In Holland, the rate is 6.5% compared with 16% among the Muslims. In Britain, it is 5% compared with 15% among the Muslims.
In Belgium the rate is 7% compared with 38% among the Muslims. In France, according to official data, the unemployment rate is 9% compared with 24% among North Africans and Turks. In other words, in the European welfare states, the relative status of Muslims is worse than in Israel.
Education
A European Union report makes particularly negative mention of France, Belgium, Holland, Sweden, Germany, Austria and Denmark. 40% of the first generation of Muslim immigrants in Belgium, France and Sweden, and 25% in Austria, Denmark, Germany and Holland, did not reach the basic level in the comparative examinations (PISA), compared with just a few percent among the white population.

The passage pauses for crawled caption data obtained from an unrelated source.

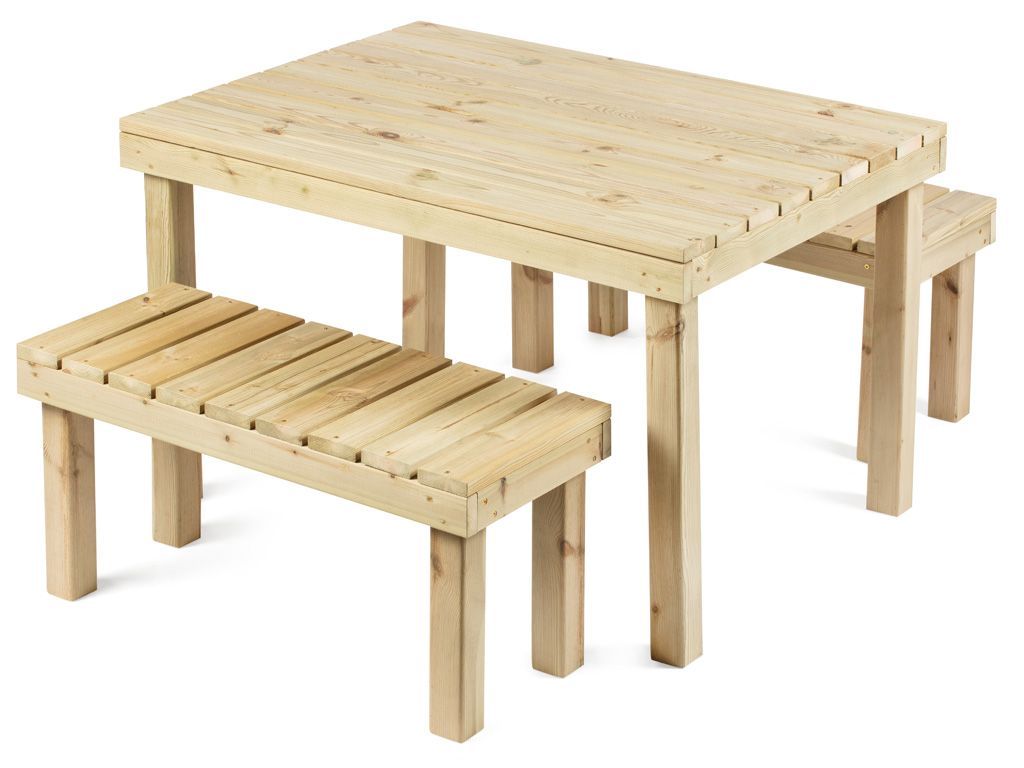 Set de madera Riga 120 con mesa y dos bancos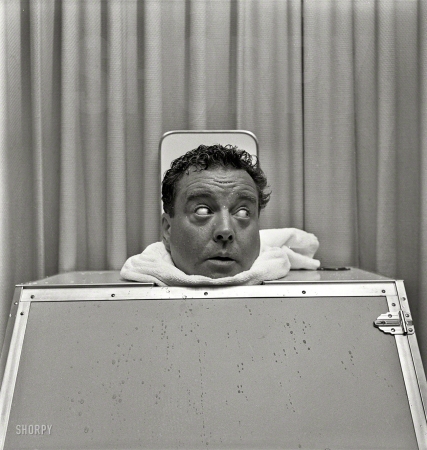 Photo showing: And Away We Go -- New York. August 1952. Jackie Gleason rehearsing television show. Includes Gleason in steam cabinet.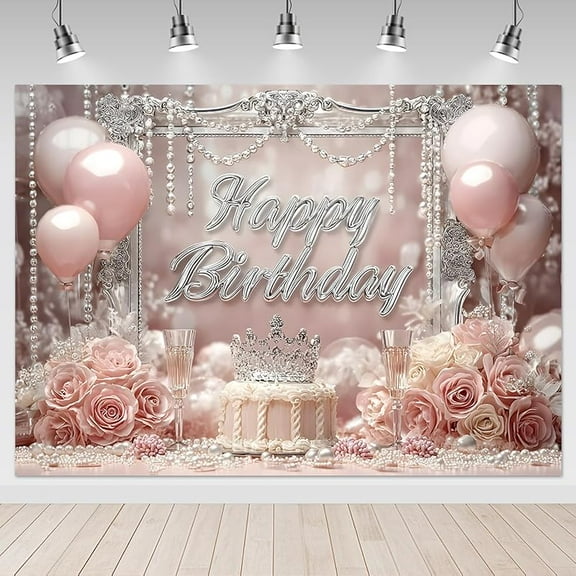 Pink Silver Happy Birthday Backdrop Pink Rose Balloons Birthday Photography Background for Women Girls Glitter Crown Pearl Birthday Party Decorations Banner Supplies Photo Booth Props
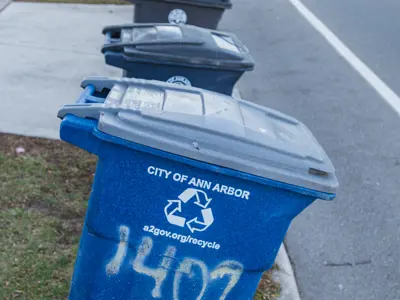 Photo of bike lane with no buffer; carts go at curb. 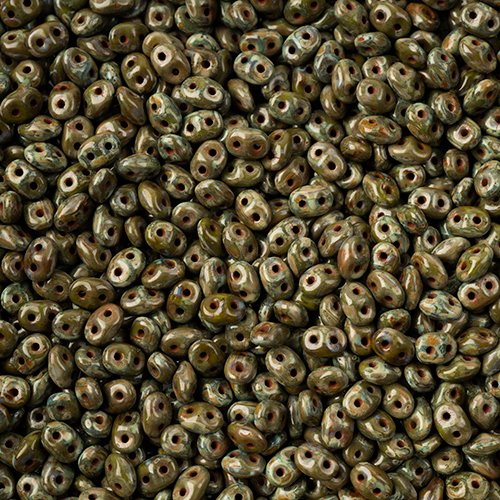 Superduos - Opaque Green Travertine Dark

According to the data of the National Bureau of Statistics in England, 31% of the Muslims in the workforce are completely lacking in professional or academic training, compared with 15% among the whites. In Germany, only one in ten Turks reaches one of the three high school tracks that enable students to go on to university studies.
In contrast, the achievements of the Chinese minority are far greater . In Israel, 29.6% of the Arabs earn a matriculation certificate, which gives them access to university studies, compared with 46.4% among the Jews (in regular matriculation data, the differences are much smaller: 55.6% compared with 48.7%).
And in Germany, 25% of the young Turks (who are the majority of the Muslims) are lacking even basic educational certificates compared with only 1% of the Germans. In Israel, the dropout rate of Arabs in grades 9 to 12 is 8.9% compared with 4.6% among the Jews.
The average number of years of schooling is 12.6 for Israeli Jews and 11.2 for Arabs. The data show that at the beginning of the 1960s, there was a difference of seven years of schooling, but since that time the gap has been dramatically narrowed to 1.4 years. Not a single country in Europe can show similar data for narrowing such gaps. In Britain there is even data indicating that the gaps are growing between second and third generation Muslims and other minorities and the rest of the population.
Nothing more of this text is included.